How To Care For Your Dog During The COVID-19 Crisis
Updated: Apr 23, 2020
"COVID-19 HAS SHOOK UP THE WORLD IN SUCH A DRAMATIC, UNPRECEDENTED FASHION. WE CAN'T EVEN GO TO PUPPY MEETING UP, VISIT THE GROOMERS OR GO ON ORGANISED DOG WALKS FOR THE FORESEEABLE FUTURE".
Covid-19 has shook up the world in such a dramatic, unprecedented fashion. As much as an impact it’s having on us, our dogs are feeling the effects too. For everyone self-isolating, things like food shopping or taking your dog for a walk suddenly become more complicated. We can’t go to puppy meetings up, visit the groomers or go on organised dog walks for the foreseeable future. This is upsetting; however, things will improve in the long term so let’s stick together and stay strong!
We’ve tried to answer some questions you may have about your dog during the Corona pandemic and how you can keep them happy and safe during this time. If there’s something we’ve failed to cover, leave your question in the comments below.
How to keep your dog mentally stimulated?
Its very important your pup is mentally stimulated throughout the day; dogs can often act out or misbehave if they are bored or not getting enough attention. Some simple activities to keep your dog entertained could include a game we like to play called ‘sniff work’. This would entail hiding treats around your house and getting your dog to smell it out.
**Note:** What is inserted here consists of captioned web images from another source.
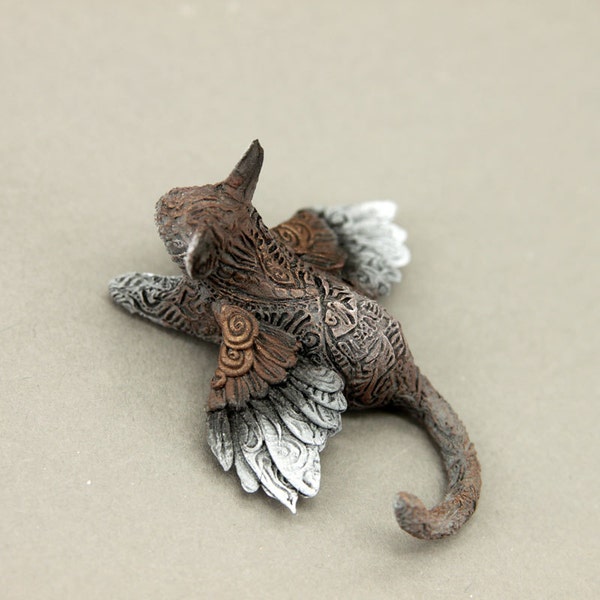 Grey winged cat figurine Ornament kitty totem miniature figure art decor, animal sculpture cute kawaii, ornament, cute cat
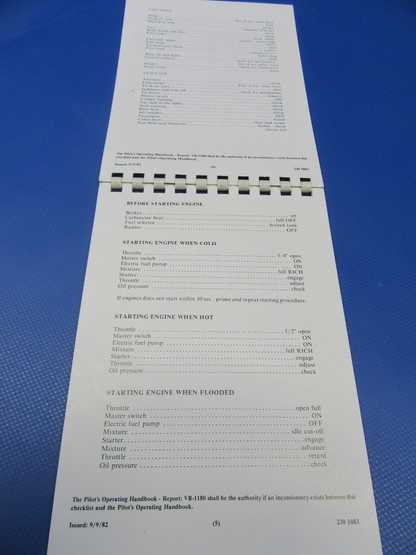 Various Original Piper Checklists PA-28 / PA-32 Lot of 9 (0124-31)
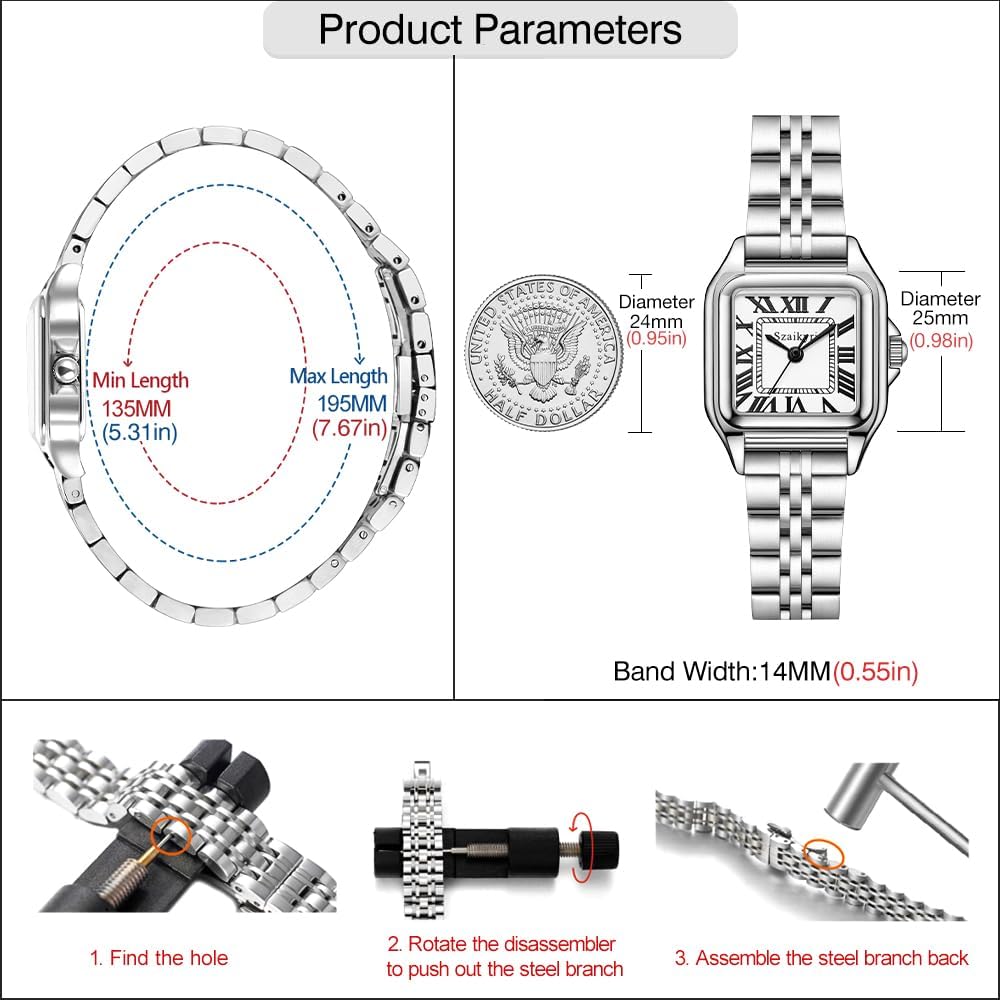 Szaikyri Classic Square Watches for Women with Roman Numerals Ladies Casual Dress Watch - Image 6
As simple as it is, it’s effective and your dog could be entertained for hours! Another game we encourage is teaching your dog a new trick. This will require a lot of patience from yourself, but this is greatest way to keep your dog stimulated during lockdown.
What can I do to keep my dog active?
As the Government has outlined, we are now limited to 1 hour of outdoor exercise per day, following social distancing rules. If your living in a household with more than 2 people, you can take advantage of this and walk your dog per family member.
This is something we’d recommend with caution, and the safest option would be to exercise your dog in the garden (if you have one) and play there. We can appreciate, not everyone will have a garden or one adequate to cater for a dog running around in but this is the safest place as you won’t be interacting with anyone else to put your yourself and others at risk.
Can I visit the vets if my dogs ill?
Government advice is to stay at home and avoid others unless absolutely necessary, so if your pet needs medical care during this period, call your vet in the first instance to seek options.
Should you touch other dogs/pets when outdoors?
Its best not to get too close to other people’s dogs whilst on walks and we’d advise against stroking/petting other dogs. Reason being is, the virus can stay on various surfaces for a number of days and this could include dogs’ fur. Dogs could be potential carriers of the virus so remember to wash your hands with soap and warm water after you’ve been in contact
Can dogs catch COVID-19?
According to veterinaryrecord there have been isolated cases of dogs testing positive for the virus in Hong Kong. For example, In the report it highlights the case of a 17-year-old Pomeranian dog where the owner had tested positive for Covid-19 and the dog was showing some symptoms. It is important to note that the dog had various medical test which came back negative. This would suggest the virus was unable to grow even when the best possible medium was provided.
The dog never showed any relevant clinical signs, so it is extremely difficult to identify whether the dog had COVID-19 or something similar such as respiratory problems. It is most probably that dogs cannot catch the Corona virus, but we can appreciate there can always be exceptions and more case studies need to be conducted before real evidence is gathered.
How will dogs adjust when things go back to normal?
When things return to normal our dogs will be re-introduced back into their normal routine. Which for the most part, I can imagine, will involve your pup spending more time on their own and less time in human company. Initially your dog may become needy and demand more attention because whilst in isolation, they will have spent more time with you.
I think it’s important to stay firm with your doggy and if possible, slowly decrease the amount of time you spend with your dog over a gradual period. Doing this too quickly could be detrimental to your relationship and your dog could develop separation anxiety.
STAY AT HOME, PROTECT NHS, SAVE LIVES.